§ Your instructions:
Take the line that contains "this 466×680 image." and every line after it in the material below, and quote them exactly.

=-=-=

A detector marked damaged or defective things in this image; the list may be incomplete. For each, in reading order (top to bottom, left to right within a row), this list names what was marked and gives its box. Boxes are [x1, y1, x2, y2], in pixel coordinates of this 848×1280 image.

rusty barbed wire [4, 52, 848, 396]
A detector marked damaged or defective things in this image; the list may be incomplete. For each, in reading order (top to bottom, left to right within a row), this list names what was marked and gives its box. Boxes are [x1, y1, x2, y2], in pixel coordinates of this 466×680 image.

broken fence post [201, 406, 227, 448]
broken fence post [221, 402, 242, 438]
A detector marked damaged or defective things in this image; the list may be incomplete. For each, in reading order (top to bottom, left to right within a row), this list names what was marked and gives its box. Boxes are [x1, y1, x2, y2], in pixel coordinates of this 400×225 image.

=-=-=

§ Exercise solution:
A detector marked damaged or defective things in this image; the list may be incomplete. For each, in reading order (top to bottom, left to right within a row), this list names what was marked and gives its box. Boxes are [x1, y1, x2, y2], in pixel coordinates of this 466×680 image.

broken fence post [201, 406, 227, 448]
broken fence post [221, 402, 242, 438]
A detector marked damaged or defective things in this image; the list may be incomplete. For each, in reading order (top to bottom, left to right within a row), this list names what was marked and gives its box. Boxes are [x1, y1, x2, y2], in pixel coordinates of this 400×225 image.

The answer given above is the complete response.